So this is basically something very simple, as in just get the horizontal projection plot and from that get the location of the lines on the image. But the problem is that the threshold that is applied is very variable. If I stay at a safe level, the correct number of lines are extracted whereas on the other hand unwanted results are extracted.

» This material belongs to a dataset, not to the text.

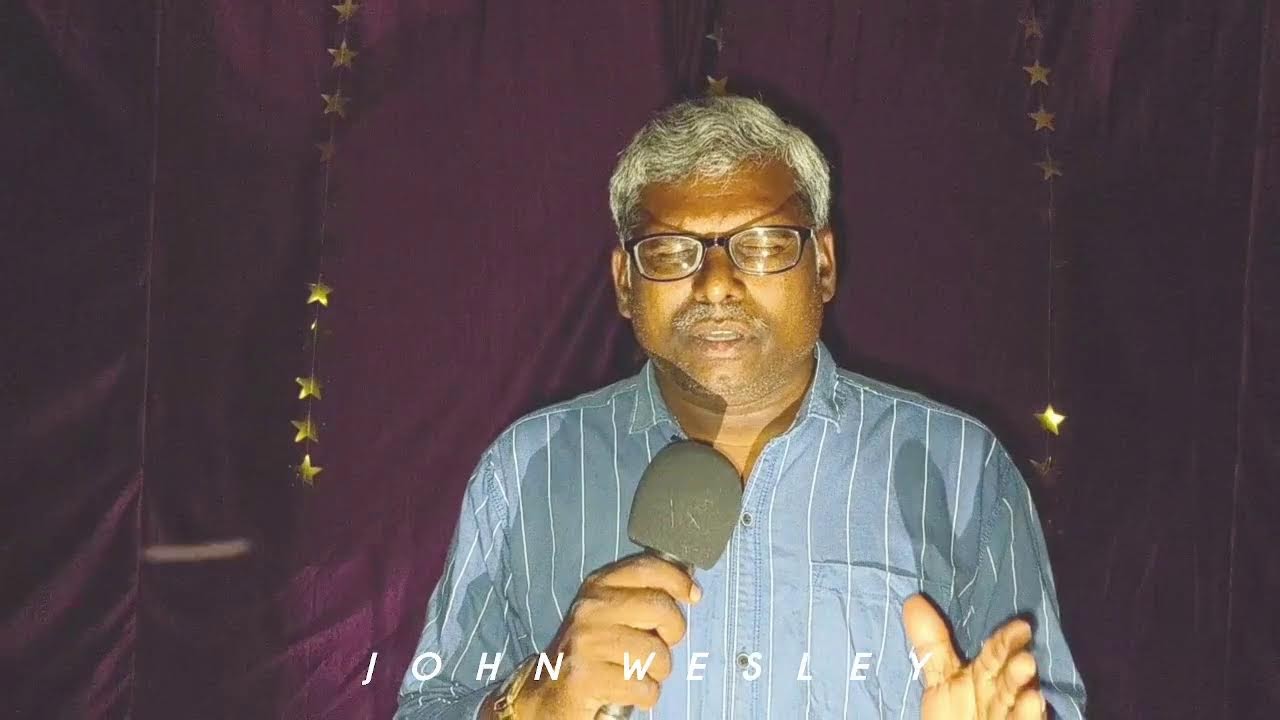 FASTING PRAYER ON 28/2/2026  JOHNWESLEY KESAMUDRAM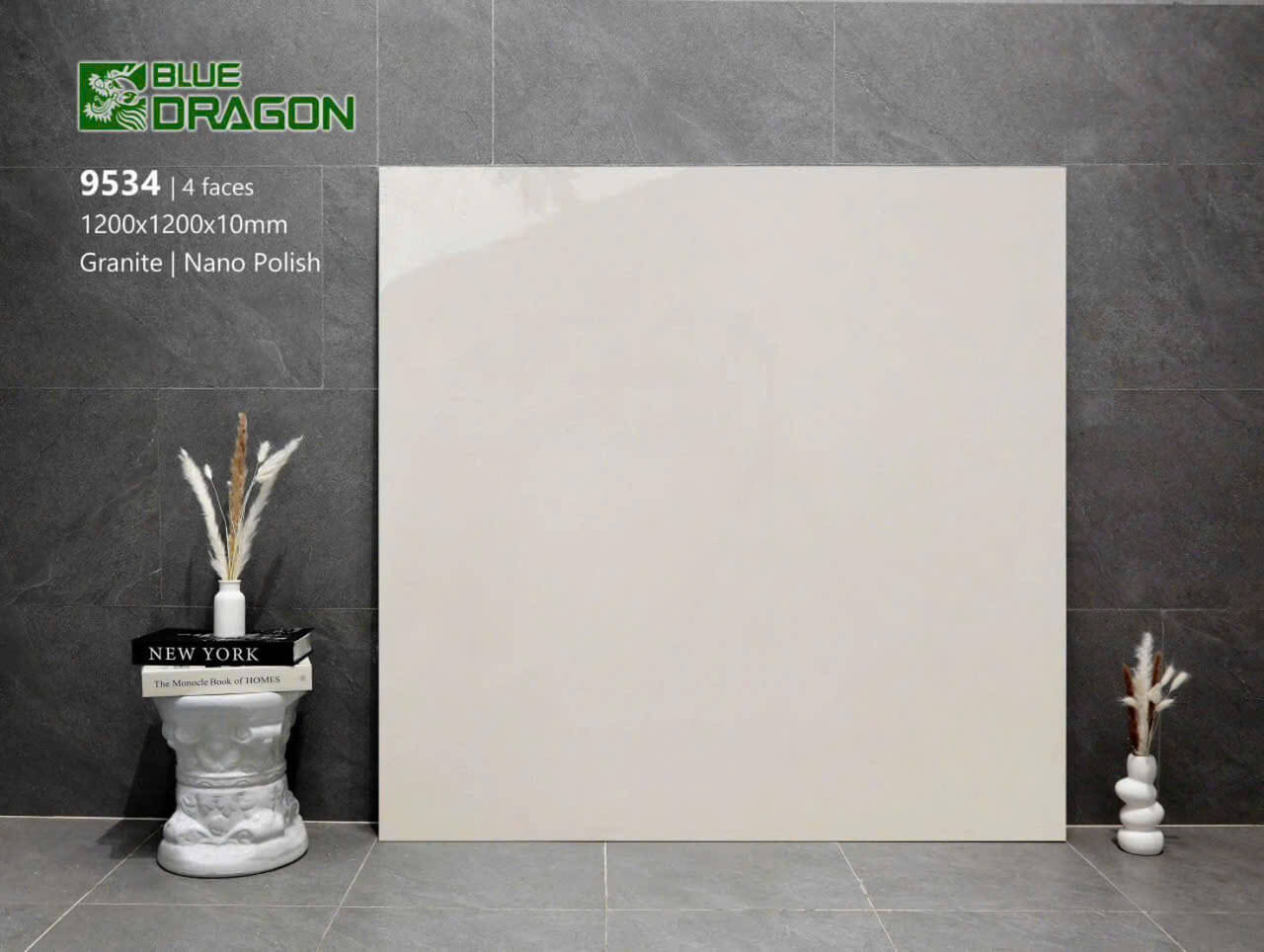 Gạch ốp lát 120x120 TSA.12.9534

For example here is the image:
And its horizontal projection:
And here is the code I am using to extract the text lines:
%complementing as text must be non zero and background should be 0
img_comp = imcomplement(img);
%calculate the horizontal projections and plot it to verify the threshold
horizontal_projections = sum(img_comp, 2);
plot(horizontal_projections)
%A very crude method of automatically detecting the threshold
proj_mean = mean(horizontal_projections);
lines = horizontal_projections > floor(proj_mean);
% Find Rising and falling edges
d = diff(lines);
startingColumns = find(d>0);
endingColumns = find(d<0);
% Extract each line and save it in a cell
for lines_k = 1 : length(startingColumns)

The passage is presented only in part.